I’m with you but I don’t feel like I’m enough…I’m with you, but I feel like I’m forever going to have to prove that I’m not the fucked up person you think I am.
You love me for who I am.
But my past doesn’t make me who I am. My past has TAUGHT me to not go down that road…Though I know it hurts you, I wish there was something I could just do to make you forget about the horrible person I used to be. I guess all I can do is show you by keeping all the promises I made to you.
You need to realize that being with you makes me want to reflect you.
You make me want to strive for perfection.
But at the same time…ugh…I don’t know…I hate feeling this way…but I’m sure that when I come home it’ll go away……least I hope…
And…you also need to realize…You’ll never understand the pain that I had to push through as SOON as I left to basic training. You will never know the emotional hardships I had to deal with…I wish there was a way you could understand…but there’s not…unless you got into the military or went to jail. But I never want either of those things to happen so…yeah…
I just wish that you could keep trying to let go of your insecurities just like i’m trying to let go of mine. We both have said/done some mad fucked up shit to each other…it’s not about getting even.
It’s about moving past it to work towards our happily ever after.

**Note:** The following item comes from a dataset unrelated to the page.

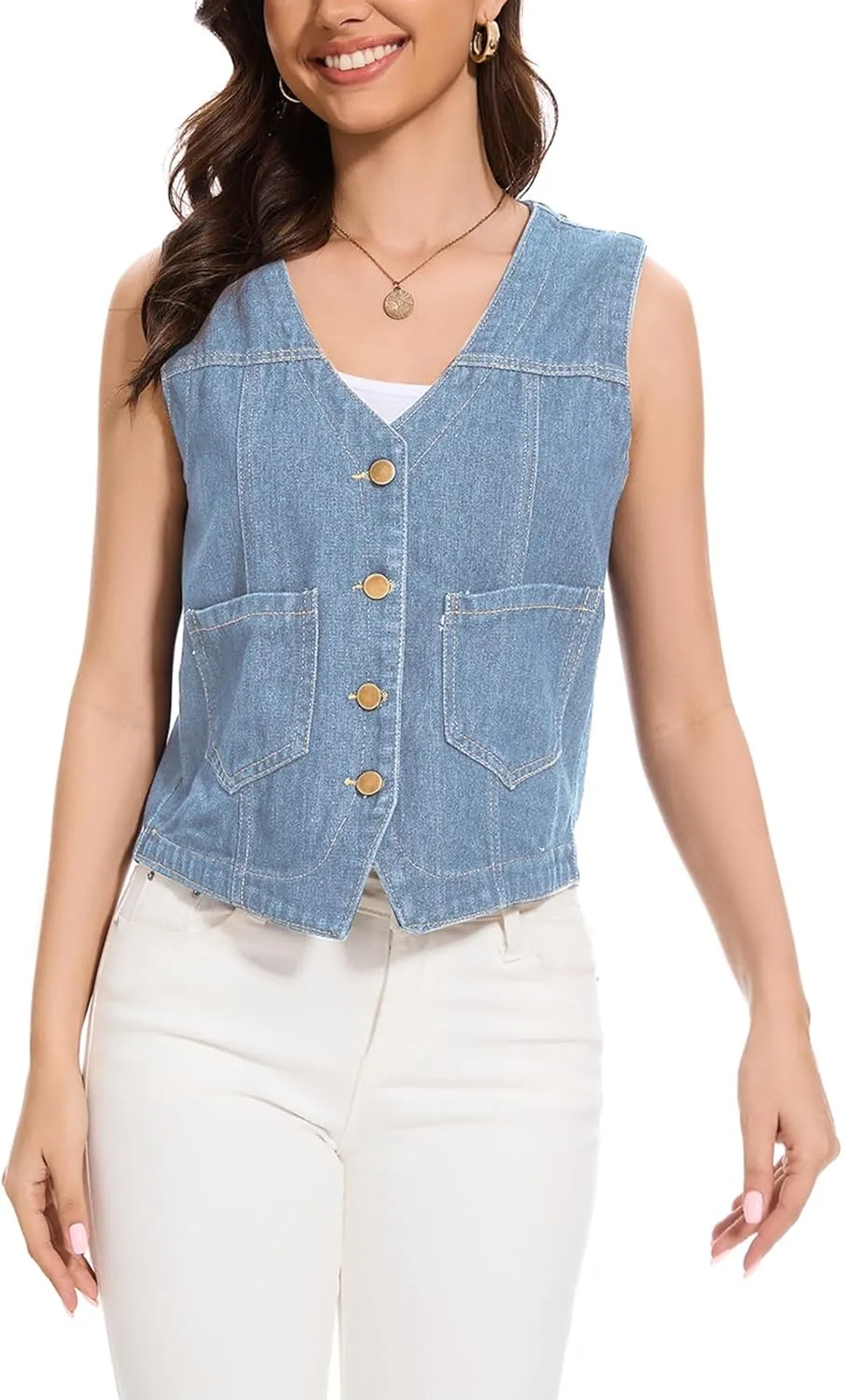 Women's Denim Jean Vest Tops 2025 Cropped V Neck Button Down Sleeveless Denim Waistcoat Jacket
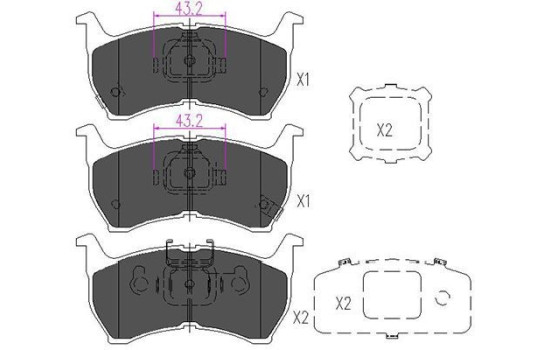 Brake Pad Set, disc brake KBP-4519 Kavo parts, Image 2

Yano what’s funny too? Your cousin even posted this as his status earlier today,
“Everyone is damaged goods. You will never find someone that is perfect, without baggage , without a past, without life’s drama. If you are holding out for this hypothetical dream mate, you will more than likely be living a long life of solitude. Look past people’s indiscretions, get to know who they are, not who they use to be. Life’s too short.”
We’ll be drawn more closely to one another.
Somehow, somehow, I have a feeling we’ll be able to stand firm…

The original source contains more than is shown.